LETTERS: States’ rights fight renewed

I have been reading “Freedom National, The Destruction of Slavery in the United States, 1861-1865” by James Oakes, and had a realization that today, right now, 2021, was being repeated.

The decades before slavery was abolished were fraught with conflict, with abolitionists claiming that no one could own another human being, while the Southern and border states said slavery was a state issue and not a policy the federal government had the right to change.

The slaves were property, no more, no less.

Now, the issue is voting.

States, mainly southern, claim that voting laws are a state concern and the federal government has no justification to change them.

So, here we are back in the earlyto mid-1800s, with almost the same language being employed.

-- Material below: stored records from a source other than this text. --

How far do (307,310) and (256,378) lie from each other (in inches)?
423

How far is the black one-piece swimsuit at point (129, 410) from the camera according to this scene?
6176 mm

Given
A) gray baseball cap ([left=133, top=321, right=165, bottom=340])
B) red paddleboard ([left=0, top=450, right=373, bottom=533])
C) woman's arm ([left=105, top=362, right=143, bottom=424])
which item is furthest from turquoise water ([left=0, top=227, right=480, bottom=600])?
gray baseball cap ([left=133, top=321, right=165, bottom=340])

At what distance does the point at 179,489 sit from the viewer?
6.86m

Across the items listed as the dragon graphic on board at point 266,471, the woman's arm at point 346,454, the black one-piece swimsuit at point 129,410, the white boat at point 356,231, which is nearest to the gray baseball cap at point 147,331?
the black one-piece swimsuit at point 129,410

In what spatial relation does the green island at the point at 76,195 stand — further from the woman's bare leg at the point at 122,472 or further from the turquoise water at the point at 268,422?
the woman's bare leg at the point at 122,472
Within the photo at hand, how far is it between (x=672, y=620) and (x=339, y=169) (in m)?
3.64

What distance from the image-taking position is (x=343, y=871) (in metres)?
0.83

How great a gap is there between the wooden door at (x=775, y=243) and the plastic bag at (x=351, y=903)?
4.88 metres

These states are defending their discriminatory new voting laws, aimed mainly at making it difficult for people of color to vote, and assert that the U.S. Justice Department should leave these laws alone.

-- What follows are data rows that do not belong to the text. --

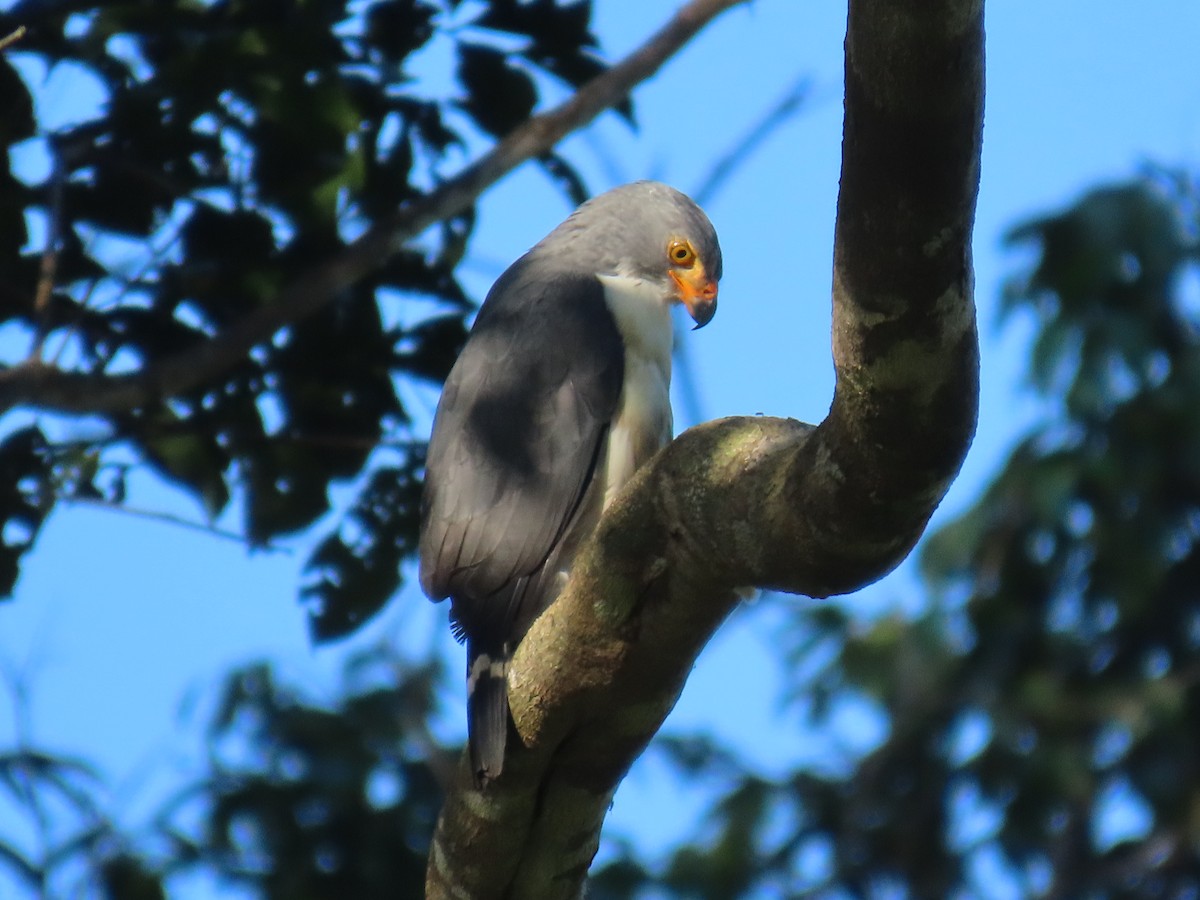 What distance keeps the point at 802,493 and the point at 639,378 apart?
6.16 feet

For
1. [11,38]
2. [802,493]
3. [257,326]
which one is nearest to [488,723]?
[802,493]

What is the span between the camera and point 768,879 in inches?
298

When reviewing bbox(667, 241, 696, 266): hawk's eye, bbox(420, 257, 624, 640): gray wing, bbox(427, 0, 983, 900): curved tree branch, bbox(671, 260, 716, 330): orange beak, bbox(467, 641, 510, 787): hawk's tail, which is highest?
bbox(667, 241, 696, 266): hawk's eye

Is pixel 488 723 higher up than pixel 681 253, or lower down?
lower down

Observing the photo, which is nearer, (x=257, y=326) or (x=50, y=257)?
(x=50, y=257)

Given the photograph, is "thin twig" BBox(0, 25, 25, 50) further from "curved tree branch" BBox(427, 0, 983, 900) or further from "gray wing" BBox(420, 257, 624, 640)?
"curved tree branch" BBox(427, 0, 983, 900)

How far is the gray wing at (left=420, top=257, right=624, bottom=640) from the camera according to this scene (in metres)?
3.76

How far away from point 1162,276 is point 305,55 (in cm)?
434

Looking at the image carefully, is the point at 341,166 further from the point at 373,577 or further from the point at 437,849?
the point at 437,849

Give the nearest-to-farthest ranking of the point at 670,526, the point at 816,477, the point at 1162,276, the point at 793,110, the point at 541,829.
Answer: the point at 816,477 < the point at 670,526 < the point at 541,829 < the point at 793,110 < the point at 1162,276

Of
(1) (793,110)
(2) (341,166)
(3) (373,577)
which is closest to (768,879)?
(1) (793,110)

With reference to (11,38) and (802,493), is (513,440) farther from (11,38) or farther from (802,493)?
(802,493)

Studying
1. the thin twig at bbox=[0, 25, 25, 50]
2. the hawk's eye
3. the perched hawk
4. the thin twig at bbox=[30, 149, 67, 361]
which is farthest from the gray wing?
the thin twig at bbox=[0, 25, 25, 50]

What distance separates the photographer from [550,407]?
410 cm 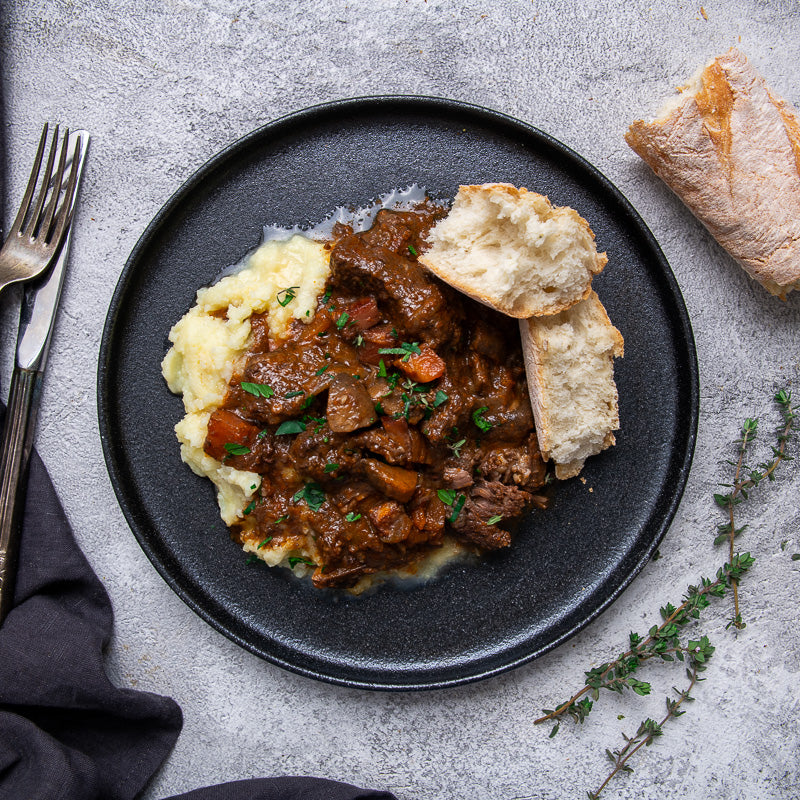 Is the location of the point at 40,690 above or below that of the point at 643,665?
below

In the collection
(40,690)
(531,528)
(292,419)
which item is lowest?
(40,690)

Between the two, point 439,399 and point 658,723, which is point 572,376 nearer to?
point 439,399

And these states have an undue influence in Congress, where their representatives support those laws and want a hands-off policy from the federal government.

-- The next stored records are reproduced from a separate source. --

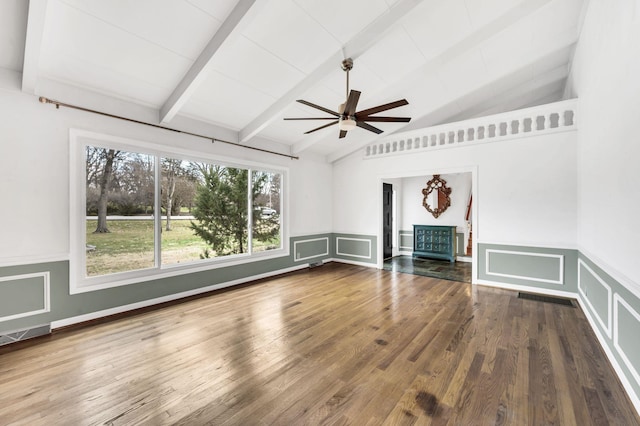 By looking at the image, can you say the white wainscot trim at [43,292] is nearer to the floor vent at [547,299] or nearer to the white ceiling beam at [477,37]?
the white ceiling beam at [477,37]

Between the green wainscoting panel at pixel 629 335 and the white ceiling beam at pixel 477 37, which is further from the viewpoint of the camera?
the white ceiling beam at pixel 477 37

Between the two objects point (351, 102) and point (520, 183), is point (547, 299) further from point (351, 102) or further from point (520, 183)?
point (351, 102)

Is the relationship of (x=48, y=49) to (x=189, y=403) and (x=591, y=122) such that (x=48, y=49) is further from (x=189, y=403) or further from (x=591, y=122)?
(x=591, y=122)

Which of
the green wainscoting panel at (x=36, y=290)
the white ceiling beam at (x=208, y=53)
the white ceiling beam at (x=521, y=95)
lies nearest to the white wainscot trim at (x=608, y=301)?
the white ceiling beam at (x=521, y=95)

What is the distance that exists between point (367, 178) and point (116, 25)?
509 cm

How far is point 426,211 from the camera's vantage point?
7918 mm

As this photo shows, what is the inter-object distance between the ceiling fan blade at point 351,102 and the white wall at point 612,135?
2.02 m

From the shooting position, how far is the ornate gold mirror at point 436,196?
7.60 m

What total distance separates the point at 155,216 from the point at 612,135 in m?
5.29

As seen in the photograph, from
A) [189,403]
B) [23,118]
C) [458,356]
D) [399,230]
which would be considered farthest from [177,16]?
[399,230]

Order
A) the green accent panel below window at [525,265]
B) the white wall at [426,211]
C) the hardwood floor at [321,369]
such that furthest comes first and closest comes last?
1. the white wall at [426,211]
2. the green accent panel below window at [525,265]
3. the hardwood floor at [321,369]

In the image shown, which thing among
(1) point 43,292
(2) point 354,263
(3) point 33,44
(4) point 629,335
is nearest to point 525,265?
(4) point 629,335

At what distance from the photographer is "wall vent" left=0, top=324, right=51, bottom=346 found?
9.25ft

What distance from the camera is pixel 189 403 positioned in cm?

A Civil War ended slavery 160 years ago. What will it take to ensure voting rights, clear and uncomplicated, for all in the United States, no matter the state?

A civil war over voting rights seems absurd, ludicrous. Certainly the nation has matured to the point that such a notion is nothing but fiction.

Grow up, you deniers of the right to vote, and help the United States reclaim its now-lost place in the world as democracy’s hope.